## WHAT YOU HAVE TO DO
When you find the line with "Casa da Luz" among the records below, reproduce it and each line after it exactly, ending with the line with "Amazon.com : Godox".

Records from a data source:
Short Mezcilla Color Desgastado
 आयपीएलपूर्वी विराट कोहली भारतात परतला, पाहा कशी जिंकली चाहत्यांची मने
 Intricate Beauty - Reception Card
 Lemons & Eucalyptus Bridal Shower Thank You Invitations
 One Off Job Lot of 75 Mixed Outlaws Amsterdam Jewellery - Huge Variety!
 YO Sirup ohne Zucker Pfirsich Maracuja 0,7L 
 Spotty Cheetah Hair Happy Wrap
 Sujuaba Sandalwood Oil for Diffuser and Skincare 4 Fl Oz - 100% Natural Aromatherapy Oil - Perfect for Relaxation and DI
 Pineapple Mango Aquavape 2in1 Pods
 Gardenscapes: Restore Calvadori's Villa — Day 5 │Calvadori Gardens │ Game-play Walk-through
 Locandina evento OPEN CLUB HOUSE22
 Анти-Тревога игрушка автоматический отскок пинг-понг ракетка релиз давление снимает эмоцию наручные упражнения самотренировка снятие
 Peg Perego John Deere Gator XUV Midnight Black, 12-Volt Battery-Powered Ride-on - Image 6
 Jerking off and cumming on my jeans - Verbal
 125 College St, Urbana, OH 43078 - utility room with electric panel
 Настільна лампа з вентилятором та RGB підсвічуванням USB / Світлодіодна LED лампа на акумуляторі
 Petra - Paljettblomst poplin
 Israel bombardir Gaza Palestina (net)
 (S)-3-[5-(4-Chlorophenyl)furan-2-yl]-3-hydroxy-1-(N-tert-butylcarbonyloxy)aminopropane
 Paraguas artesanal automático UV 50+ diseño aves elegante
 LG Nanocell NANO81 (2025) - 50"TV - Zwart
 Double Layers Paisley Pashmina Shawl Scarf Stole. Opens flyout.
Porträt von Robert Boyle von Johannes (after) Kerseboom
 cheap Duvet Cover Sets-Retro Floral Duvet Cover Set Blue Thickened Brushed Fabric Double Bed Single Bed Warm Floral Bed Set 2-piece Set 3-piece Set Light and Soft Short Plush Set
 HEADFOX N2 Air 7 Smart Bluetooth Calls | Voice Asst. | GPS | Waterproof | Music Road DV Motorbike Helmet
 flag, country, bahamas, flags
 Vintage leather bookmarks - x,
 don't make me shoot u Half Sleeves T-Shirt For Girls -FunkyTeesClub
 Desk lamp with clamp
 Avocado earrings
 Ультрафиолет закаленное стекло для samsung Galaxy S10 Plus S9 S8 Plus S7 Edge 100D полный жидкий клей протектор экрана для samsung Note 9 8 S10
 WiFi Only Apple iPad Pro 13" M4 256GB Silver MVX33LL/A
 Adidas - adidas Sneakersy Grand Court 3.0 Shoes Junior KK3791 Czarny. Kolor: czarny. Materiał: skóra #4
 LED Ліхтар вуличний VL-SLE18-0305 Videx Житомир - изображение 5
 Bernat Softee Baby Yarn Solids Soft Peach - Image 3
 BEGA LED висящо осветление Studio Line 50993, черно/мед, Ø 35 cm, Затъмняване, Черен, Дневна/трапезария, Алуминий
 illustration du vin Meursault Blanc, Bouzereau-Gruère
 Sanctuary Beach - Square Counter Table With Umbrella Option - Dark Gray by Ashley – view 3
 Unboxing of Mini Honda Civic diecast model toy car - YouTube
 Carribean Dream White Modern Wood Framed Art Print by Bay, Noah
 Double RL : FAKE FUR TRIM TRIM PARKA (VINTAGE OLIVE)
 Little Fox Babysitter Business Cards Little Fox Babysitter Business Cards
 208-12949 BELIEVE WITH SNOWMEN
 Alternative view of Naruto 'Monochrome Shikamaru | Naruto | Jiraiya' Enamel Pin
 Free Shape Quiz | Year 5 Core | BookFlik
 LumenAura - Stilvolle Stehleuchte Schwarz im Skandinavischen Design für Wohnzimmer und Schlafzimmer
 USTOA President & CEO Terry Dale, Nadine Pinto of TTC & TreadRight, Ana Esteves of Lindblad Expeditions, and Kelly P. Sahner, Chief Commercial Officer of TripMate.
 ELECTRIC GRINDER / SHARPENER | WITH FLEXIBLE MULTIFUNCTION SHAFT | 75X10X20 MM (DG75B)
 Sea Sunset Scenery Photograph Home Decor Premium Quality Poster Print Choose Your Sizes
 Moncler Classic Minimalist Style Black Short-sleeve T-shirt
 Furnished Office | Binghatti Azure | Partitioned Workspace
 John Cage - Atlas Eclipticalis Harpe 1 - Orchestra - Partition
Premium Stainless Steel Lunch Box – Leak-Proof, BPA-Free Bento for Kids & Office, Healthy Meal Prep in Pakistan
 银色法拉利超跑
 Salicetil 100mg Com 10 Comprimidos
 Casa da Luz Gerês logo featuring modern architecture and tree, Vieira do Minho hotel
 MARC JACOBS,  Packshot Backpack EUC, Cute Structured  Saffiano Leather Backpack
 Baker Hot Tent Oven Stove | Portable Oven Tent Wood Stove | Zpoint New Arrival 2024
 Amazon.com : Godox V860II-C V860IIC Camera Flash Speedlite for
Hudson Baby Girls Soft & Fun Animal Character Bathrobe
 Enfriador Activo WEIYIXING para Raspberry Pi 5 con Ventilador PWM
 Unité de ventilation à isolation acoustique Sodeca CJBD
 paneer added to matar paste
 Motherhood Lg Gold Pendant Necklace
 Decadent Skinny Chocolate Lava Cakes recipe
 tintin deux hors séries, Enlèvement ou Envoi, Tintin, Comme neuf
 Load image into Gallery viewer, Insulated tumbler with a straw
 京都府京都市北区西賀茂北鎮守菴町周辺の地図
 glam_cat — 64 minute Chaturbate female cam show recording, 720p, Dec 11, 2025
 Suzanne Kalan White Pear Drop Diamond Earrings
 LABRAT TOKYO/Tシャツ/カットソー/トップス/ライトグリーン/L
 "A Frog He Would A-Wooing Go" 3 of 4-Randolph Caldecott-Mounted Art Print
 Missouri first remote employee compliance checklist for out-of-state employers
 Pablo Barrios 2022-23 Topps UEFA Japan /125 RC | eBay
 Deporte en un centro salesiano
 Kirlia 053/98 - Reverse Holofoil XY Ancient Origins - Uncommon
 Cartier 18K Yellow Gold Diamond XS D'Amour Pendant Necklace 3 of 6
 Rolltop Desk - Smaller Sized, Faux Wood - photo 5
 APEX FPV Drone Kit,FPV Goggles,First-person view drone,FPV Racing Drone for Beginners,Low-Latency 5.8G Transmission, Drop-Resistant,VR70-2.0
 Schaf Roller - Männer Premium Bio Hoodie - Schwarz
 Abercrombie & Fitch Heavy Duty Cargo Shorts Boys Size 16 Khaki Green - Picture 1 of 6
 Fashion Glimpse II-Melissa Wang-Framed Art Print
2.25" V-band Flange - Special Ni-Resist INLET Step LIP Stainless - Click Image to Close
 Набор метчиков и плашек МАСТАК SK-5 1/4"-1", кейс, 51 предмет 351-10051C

## ANSWER
 Casa da Luz Gerês logo featuring modern architecture and tree, Vieira do Minho hotel
 MARC JACOBS,  Packshot Backpack EUC, Cute Structured  Saffiano Leather Backpack
 Baker Hot Tent Oven Stove | Portable Oven Tent Wood Stove | Zpoint New Arrival 2024
 Amazon.com : Godox V860II-C V860IIC Camera Flash Speedlite for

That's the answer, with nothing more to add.